[[ Provided data, beginning ]]

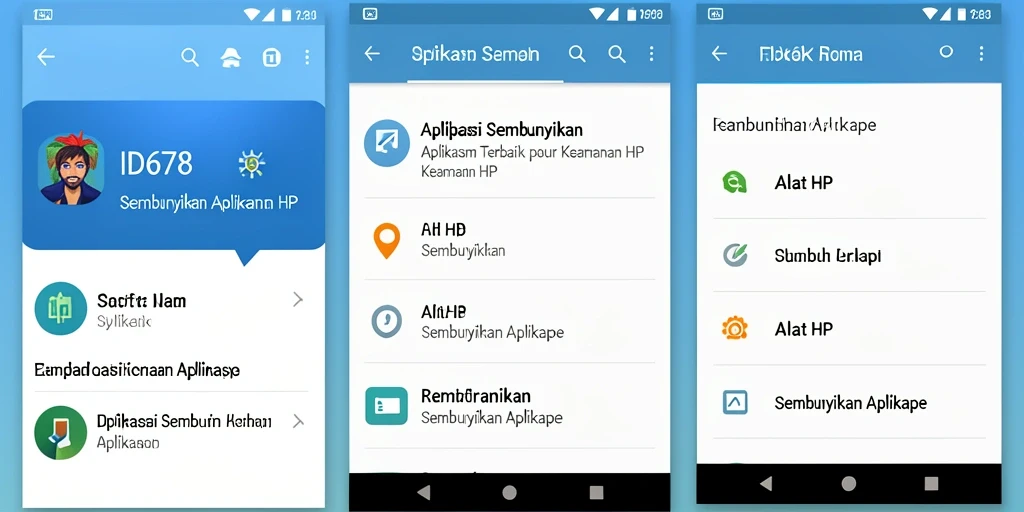 Tampilan antarmuka ID678 yang sederhana dan fungsional.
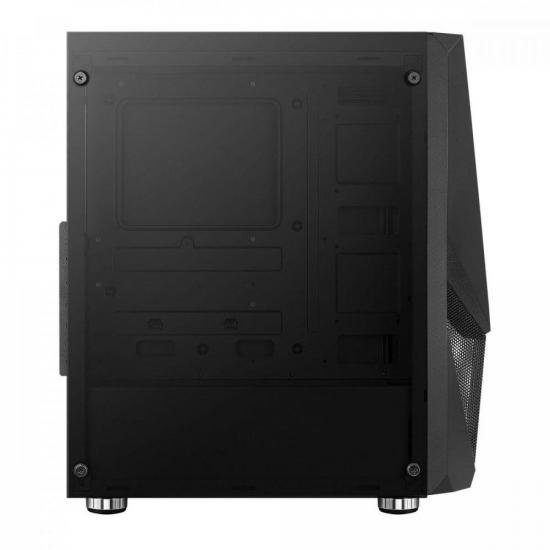 Gabinete Gamer Aerocool Zauron Saturn Preto RGB Lateral Vidro por 448,00 à vista no boleto/pix ou parcele em até 10x sem juros. Compre na loja Mundomax!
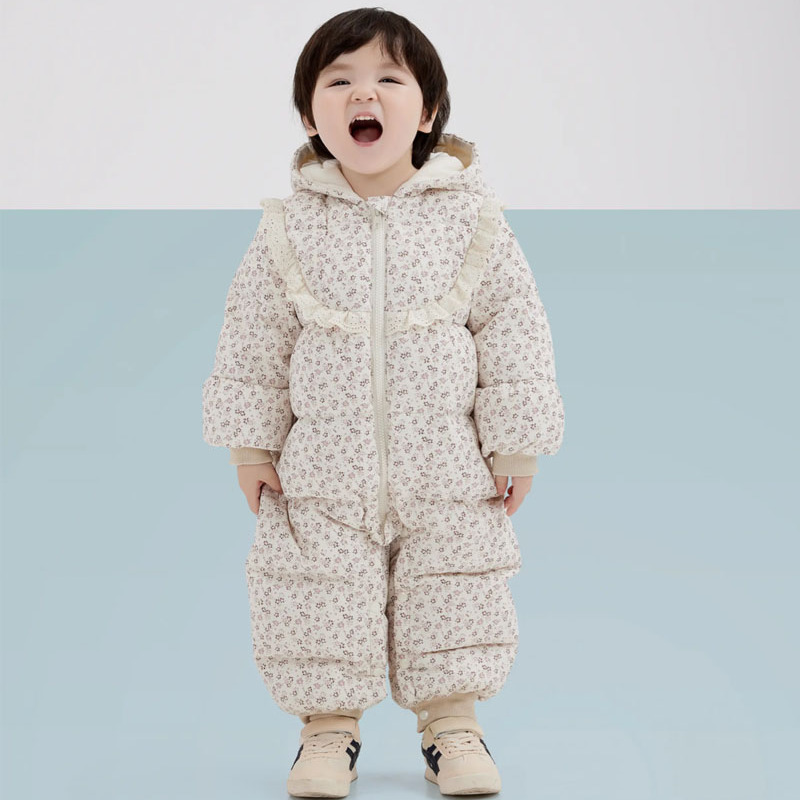 连体拜年服羽绒服半成品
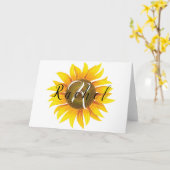 Persoonlijke zonnebloem kaart (Gele Bloem)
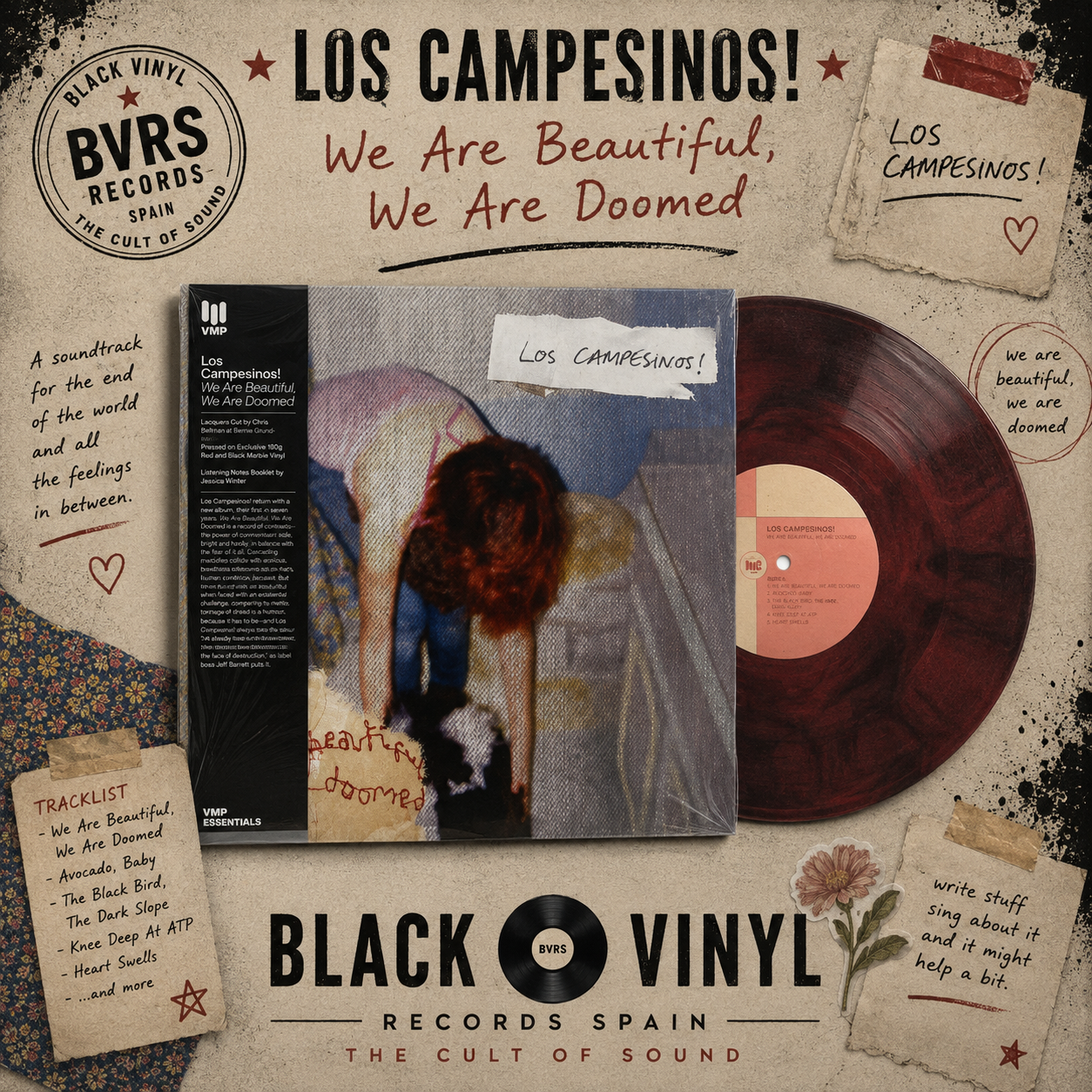 Los Campesinos! - We Are Beautiful, We Are Doomed (VMP Marble Vinyl Me Please)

[[ Provided data, end ]]

Task description: A word-for-word copy of all the records above is required, with the pictures left out.

Result of the exercise:
 Tampilan antarmuka ID678 yang sederhana dan fungsional.
 Gabinete Gamer Aerocool Zauron Saturn Preto RGB Lateral Vidro por 448,00 à vista no boleto/pix ou parcele em até 10x sem juros. Compre na loja Mundomax!
 连体拜年服羽绒服半成品
 Persoonlijke zonnebloem kaart (Gele Bloem)
 Los Campesinos! - We Are Beautiful, We Are Doomed (VMP Marble Vinyl Me Please)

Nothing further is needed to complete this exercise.